Make a list of your top 3 reasons why it’s so important for you to have better conflict resolution.  Maybe it’s because you hate how you don’t speak up, or how you’re hurting people with your words.  Maybe it’s because you notice that conflicts are causing more disconnection than connection in your life.  You might even notice that you’re constantly on guard, always at the ready to defend, or you walk around with a sense of never really being able to feel safe or trusting. You might be wanting to pass something different down to the next generation. 


3. Commit to Being A Team Player.

The win-lose paradigm comes from a place of fear, insecurity, and lack. Where our attention goes, energy flows.  Set the intention to enter every conflict as a team player, to build on everyone’s strengths, and to use your conflict as a vehicle for personal and collective expansion. Say these affirmations to break through your underlying wounds and build a new pathway:
“I am loved and I am loving.  I am accepted and I accept.  I live in a creative universe with an abundance of solutions to any problem.”

4. Learn Non-Violent Communication. 

Non-violent communication was developed by Marshall Rosenberg, Ph.D. to promote empathy during difficult communication.  At our core, we want to be seen, heard, and validated.  In non-violent communication everyone’s needs are valued, and our deepest level needs are never in conflict.  We take radical responsibility for our own thoughts, beliefs, behaviors, and wounded parts.  It’s an empowering practice that can help you make quantum leaps in handling emotionally dense communication.

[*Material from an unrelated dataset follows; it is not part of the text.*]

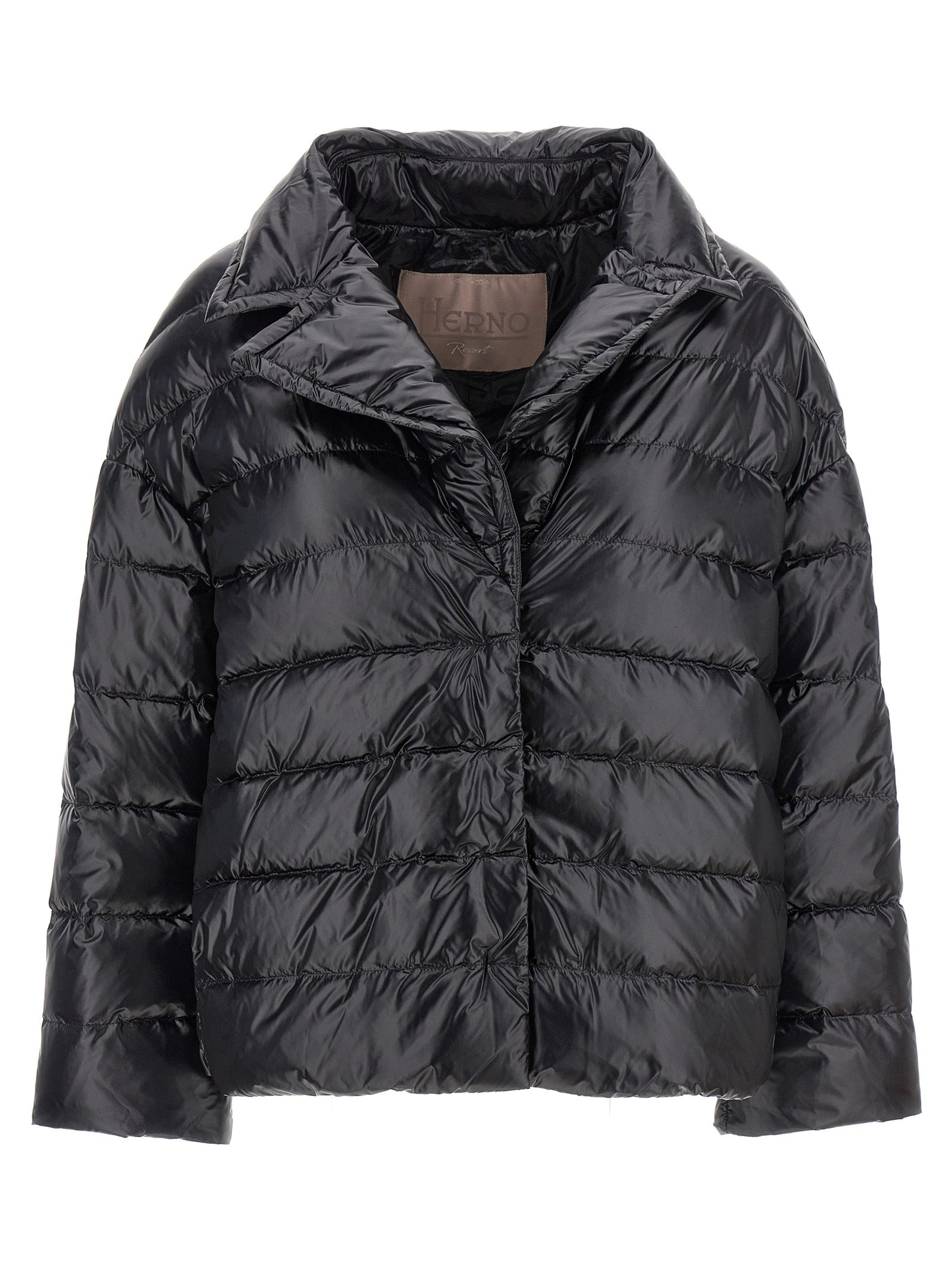 Hood Insert Down Jacket Puffer Jackets Black - 2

5.  Work with the Flower Essence Cherry Plum.
Flower essences are incredible allies in healing.  They help us shift from limiting patterns into elevated ways of thinking, feeling, and behaving.  When dealing with conflict, here are a few examples of how flower essences can help you: they can help calm your nervous system and effectively speak up.  They can help you shift from using blaming and shaming language to language that invites cooperation and connection.  They can help you choose stepping away instead of escalating.  One flower essence that is excellent if you’re in a negative pattern of being controlling either by repressing your feelings or erupting, is Cherry Plum.


I invite you to imagine being able to handle conflict with grace and an open heart and to adopt this approach as an act of service for yourself, those you love, and the world.